藻谷 俊介

2022年7月29日1 分

鉱工業生産 6月分

先月号では、5月が大幅マイナスだったのはGWの季節調整不全であり、6月の公表値は見かけ上急反発する可能性も大きいと述べたが、右図あるいは図2Bが示すとおり、予測通りになった。先月、経産省が基調判断を下げてしまい、今月再び上げざるを得なくなったのは、見苦しい。昨年の5月も同様であり、役所はその原因を自ら調べておくべきであった。5頁を見ても、明らかに日本だけ不自然である。

と言うことで、確かに中国ロックダウンの影響が遅れて5月に現れたとは言うものの、図3Aから一瞬にしてネガティブ・サプライズが姿を消し、図2Aの予測線は再上昇となったわけで、目先の鉱工業生産を不安視する必要はないことは、誰の目にも明らかになったと言うべきだろう。

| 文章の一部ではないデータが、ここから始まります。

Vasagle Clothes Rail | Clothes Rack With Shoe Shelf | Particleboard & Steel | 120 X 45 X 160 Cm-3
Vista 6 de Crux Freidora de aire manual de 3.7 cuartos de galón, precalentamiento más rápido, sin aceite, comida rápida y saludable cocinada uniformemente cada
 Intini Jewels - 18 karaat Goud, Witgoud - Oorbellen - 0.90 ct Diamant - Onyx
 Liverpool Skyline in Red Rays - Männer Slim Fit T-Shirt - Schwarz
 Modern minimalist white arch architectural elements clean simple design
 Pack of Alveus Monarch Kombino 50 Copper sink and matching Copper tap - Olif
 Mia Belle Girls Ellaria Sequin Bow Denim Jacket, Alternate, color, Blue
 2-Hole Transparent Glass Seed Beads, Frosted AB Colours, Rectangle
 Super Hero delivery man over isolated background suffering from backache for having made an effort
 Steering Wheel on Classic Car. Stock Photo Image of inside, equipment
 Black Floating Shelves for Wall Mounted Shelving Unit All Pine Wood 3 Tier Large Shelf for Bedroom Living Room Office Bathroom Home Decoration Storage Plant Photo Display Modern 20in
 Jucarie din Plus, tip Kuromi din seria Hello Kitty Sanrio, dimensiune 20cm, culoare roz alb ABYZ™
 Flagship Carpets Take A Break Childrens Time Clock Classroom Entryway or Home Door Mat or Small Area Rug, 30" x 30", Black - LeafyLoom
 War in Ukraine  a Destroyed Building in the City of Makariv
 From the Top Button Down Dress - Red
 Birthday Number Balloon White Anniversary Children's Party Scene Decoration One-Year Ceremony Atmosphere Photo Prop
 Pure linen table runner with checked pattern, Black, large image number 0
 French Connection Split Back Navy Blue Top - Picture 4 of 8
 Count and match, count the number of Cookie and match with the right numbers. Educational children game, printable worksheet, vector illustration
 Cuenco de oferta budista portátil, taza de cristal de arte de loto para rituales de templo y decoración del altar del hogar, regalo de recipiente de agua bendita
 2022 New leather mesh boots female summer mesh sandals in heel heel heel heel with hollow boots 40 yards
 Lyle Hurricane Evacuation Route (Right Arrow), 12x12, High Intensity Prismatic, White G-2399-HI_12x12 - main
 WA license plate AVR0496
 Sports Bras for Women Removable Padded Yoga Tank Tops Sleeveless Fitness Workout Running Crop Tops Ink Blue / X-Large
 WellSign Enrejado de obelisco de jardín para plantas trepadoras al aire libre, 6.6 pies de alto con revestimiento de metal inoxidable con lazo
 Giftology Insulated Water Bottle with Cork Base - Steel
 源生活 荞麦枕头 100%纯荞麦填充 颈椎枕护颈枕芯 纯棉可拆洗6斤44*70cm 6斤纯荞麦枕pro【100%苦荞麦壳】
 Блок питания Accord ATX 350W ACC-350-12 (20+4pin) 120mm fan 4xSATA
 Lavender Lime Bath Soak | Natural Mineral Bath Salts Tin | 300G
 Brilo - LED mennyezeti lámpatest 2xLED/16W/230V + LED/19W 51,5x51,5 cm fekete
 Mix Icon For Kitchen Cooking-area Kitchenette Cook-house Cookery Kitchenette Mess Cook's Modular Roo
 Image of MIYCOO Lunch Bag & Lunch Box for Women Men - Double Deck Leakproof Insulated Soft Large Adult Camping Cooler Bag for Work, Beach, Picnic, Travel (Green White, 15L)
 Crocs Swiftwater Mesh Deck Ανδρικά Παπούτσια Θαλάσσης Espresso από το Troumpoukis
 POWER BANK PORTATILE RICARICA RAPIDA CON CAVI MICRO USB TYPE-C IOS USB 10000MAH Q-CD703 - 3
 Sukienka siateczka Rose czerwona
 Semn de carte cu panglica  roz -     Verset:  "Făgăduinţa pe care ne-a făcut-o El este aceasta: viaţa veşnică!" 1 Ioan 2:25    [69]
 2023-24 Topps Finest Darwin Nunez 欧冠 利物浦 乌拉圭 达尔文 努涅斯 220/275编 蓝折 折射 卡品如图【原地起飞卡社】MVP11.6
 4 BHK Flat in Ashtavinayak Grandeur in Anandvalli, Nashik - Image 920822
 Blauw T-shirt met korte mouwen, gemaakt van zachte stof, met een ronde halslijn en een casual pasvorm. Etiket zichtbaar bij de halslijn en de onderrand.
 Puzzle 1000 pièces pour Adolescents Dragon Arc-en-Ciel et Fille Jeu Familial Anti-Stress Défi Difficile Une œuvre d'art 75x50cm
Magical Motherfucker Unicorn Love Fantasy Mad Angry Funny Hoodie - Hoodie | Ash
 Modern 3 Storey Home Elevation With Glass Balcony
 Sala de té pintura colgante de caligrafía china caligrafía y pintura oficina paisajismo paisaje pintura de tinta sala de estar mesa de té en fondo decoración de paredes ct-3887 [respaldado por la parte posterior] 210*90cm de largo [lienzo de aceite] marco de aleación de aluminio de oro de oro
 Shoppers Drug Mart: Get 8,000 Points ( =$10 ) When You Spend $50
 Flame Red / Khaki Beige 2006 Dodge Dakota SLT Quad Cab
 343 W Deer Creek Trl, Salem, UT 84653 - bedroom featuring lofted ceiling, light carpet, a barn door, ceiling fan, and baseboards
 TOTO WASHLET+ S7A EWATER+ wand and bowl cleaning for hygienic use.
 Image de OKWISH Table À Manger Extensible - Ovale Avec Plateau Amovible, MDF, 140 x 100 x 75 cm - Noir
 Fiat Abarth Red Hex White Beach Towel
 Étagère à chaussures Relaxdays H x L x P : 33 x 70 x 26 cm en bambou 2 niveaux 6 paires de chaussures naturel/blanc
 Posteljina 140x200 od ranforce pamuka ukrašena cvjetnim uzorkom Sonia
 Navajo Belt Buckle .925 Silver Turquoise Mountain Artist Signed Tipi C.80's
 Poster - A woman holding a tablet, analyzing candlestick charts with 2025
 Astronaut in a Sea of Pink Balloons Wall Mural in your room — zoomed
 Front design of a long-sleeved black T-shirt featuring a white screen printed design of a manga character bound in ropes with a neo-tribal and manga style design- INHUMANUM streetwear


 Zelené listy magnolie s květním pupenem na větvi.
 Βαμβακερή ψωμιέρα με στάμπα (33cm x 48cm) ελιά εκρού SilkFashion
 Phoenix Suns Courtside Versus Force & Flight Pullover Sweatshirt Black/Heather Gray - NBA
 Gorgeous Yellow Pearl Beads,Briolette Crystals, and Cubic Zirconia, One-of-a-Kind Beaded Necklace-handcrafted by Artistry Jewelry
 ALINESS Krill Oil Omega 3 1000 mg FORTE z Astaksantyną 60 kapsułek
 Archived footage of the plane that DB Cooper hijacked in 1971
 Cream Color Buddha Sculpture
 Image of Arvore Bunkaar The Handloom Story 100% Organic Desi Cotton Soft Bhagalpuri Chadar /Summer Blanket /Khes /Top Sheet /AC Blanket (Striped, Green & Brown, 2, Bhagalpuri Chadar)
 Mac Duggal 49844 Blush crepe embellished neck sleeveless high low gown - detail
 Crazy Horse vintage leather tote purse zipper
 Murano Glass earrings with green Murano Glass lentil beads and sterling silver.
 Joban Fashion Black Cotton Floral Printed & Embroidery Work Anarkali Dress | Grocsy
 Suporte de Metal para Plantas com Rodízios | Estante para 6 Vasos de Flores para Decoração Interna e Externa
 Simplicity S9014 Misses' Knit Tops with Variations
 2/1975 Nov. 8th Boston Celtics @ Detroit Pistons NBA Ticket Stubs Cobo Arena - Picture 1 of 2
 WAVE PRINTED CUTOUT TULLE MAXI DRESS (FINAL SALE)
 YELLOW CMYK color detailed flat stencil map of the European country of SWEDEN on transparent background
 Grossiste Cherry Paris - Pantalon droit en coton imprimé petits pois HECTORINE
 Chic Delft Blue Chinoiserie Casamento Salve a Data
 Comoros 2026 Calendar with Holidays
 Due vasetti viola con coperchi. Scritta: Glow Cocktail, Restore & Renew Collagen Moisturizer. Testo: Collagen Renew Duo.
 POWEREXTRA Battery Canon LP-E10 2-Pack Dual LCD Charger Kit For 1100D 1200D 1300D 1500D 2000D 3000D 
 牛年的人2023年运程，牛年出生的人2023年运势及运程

世界生産(図4A)も、中国のロックダウンを乗り越えて、新高値を更新した。同じく中国の短期的な調整に影響されたと思われる半導体やデバイス系の生産も、6頁を見ると日中で反発が見られ、韓台でも全部ではないが反発が出てきている。目下不安視されているアメリカのサイクルとは別に、同様に大きな中国のサイクルがあり、それが戻っていることは米国統計主導の金融市場では認知が薄い。しかし、それを知っておくことは有益だろうと考えている。